Sample Complexity for Distributionally Robust Learning under chi-square divergence

Authors: Zhengyu Zhou, Weiwei Liu

JMLR 2023 | Venue PDF | Archive PDF | Plain Text | LLM Run Details

Reproducibility Variable Result LLM Response
Research Type Theoretical This paper investigates the sample complexity of learning a distributionally robust predictor under a particular distributional shift based on χ2-divergence... We demonstrate that any hypothesis class H with finite VC dimension is distributionally robustly learnable. Moreover, we show that when the perturbation size is smaller than a constant, finite VC dimension is also necessary for distributionally robust learning by deriving a lower bound of sample complexity in terms of VC dimension. Our main contributions are as below: We show that under χ2-divergence regime, a hypothesis class H with finite VC dimension can be distributionally robustly PAC-learnable with DRERM. Under χ2-divergence, we prove that, when the perturbation size ρ is smaller than a constant, finite VC dimension is necessary for distributionally robust learning.
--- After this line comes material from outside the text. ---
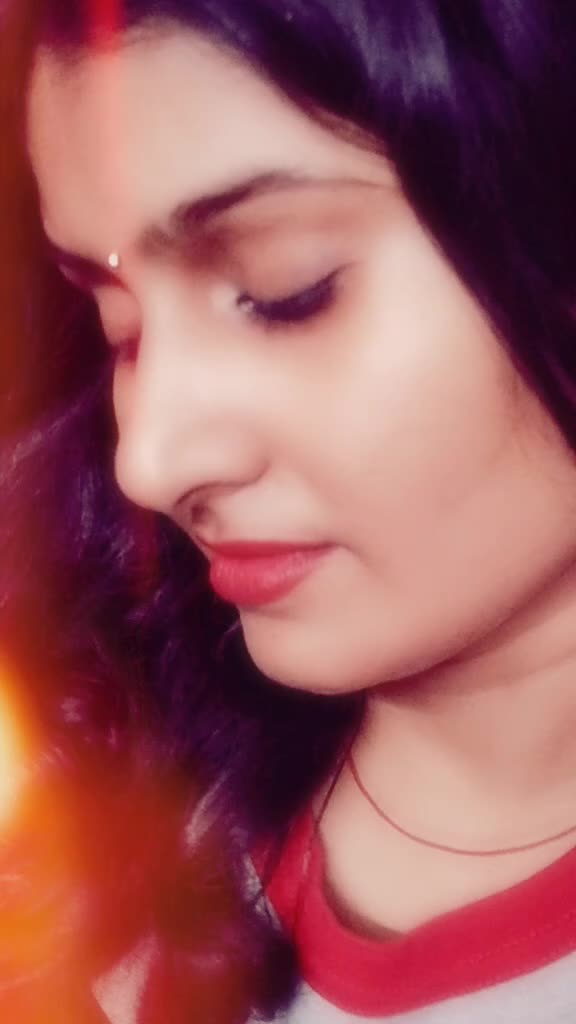 @Pawankumarpandey46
We further show that without a sufficient amount of samples (depending on the VC dimension of H), any hypothesis class H is not distributionally robustly PAC-learnable.
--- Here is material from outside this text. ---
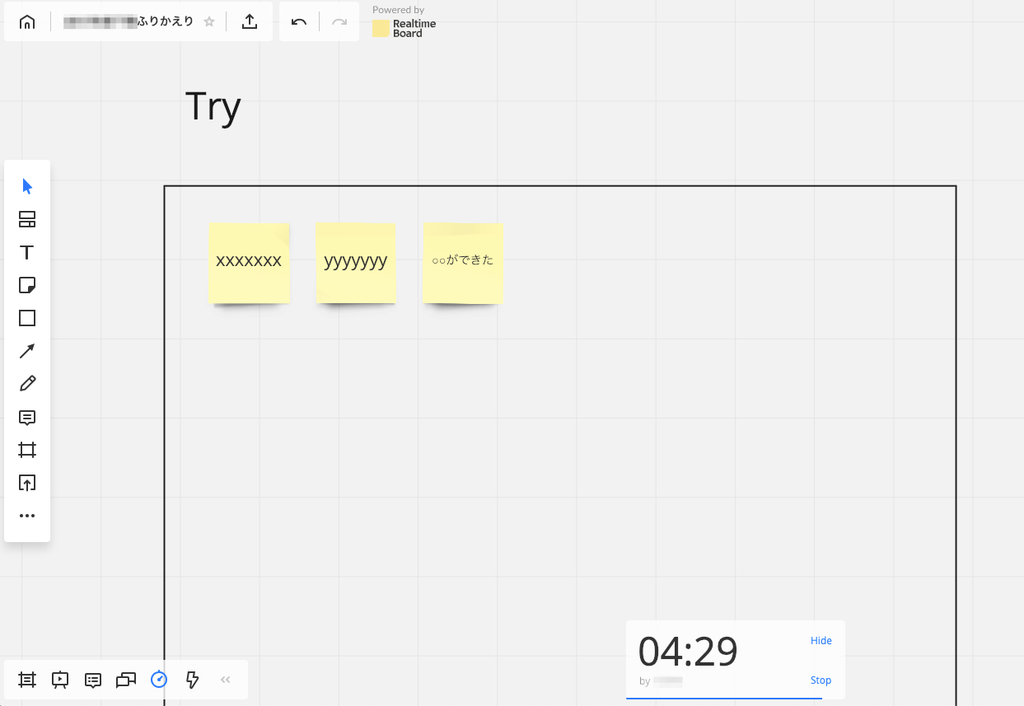 f:id:gurimmer:20181213155159p:plain f:id:gurimmer:20181213155159p:plain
Researcher Affiliation Academia Zhengyu Zhou EMAIL School of Computer Science National Engineering Research Center for Multimedia Software Institute of Artificial Intelligence Hubei Key Laboratory of Multimedia and Network Communication Engineering Wuhan University Wuhan, China
Pseudocode No The paper describes theoretical proofs and derivations in text and mathematical notation, but does not include any structured pseudocode or algorithm blocks.
Open Source Code No The paper does not contain any statements regarding the release of source code, nor does it provide links to code repositories or mention code in supplementary materials.
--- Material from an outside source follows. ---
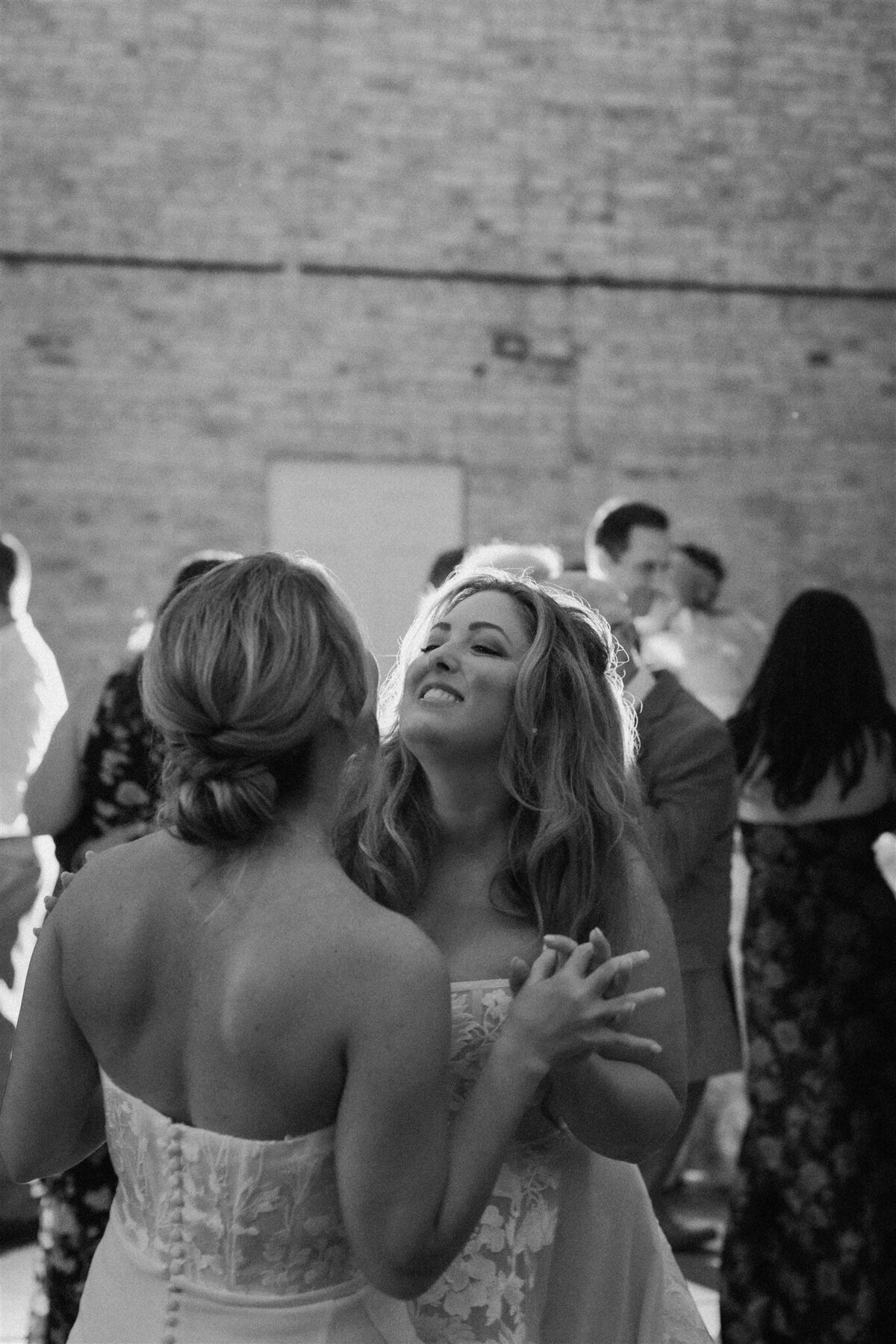 first-dance-elawa-farm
Open Datasets No This paper is theoretical in nature and does not conduct experiments that would involve the use of datasets. Therefore, it does not provide information about public datasets.
Dataset Splits No As a theoretical paper, it does not describe experimental setups involving dataset splits for training, validation, or testing.
Hardware Specification No The paper is theoretical and does not describe any experimental implementation details, thus no hardware specifications are mentioned.
Software Dependencies No This theoretical paper does not detail any experimental implementation, and therefore no specific software dependencies or versions are listed.
Experiment Setup No The paper is focused on theoretical derivations and proofs, and as such, it does not include details on experimental setup or hyperparameter values.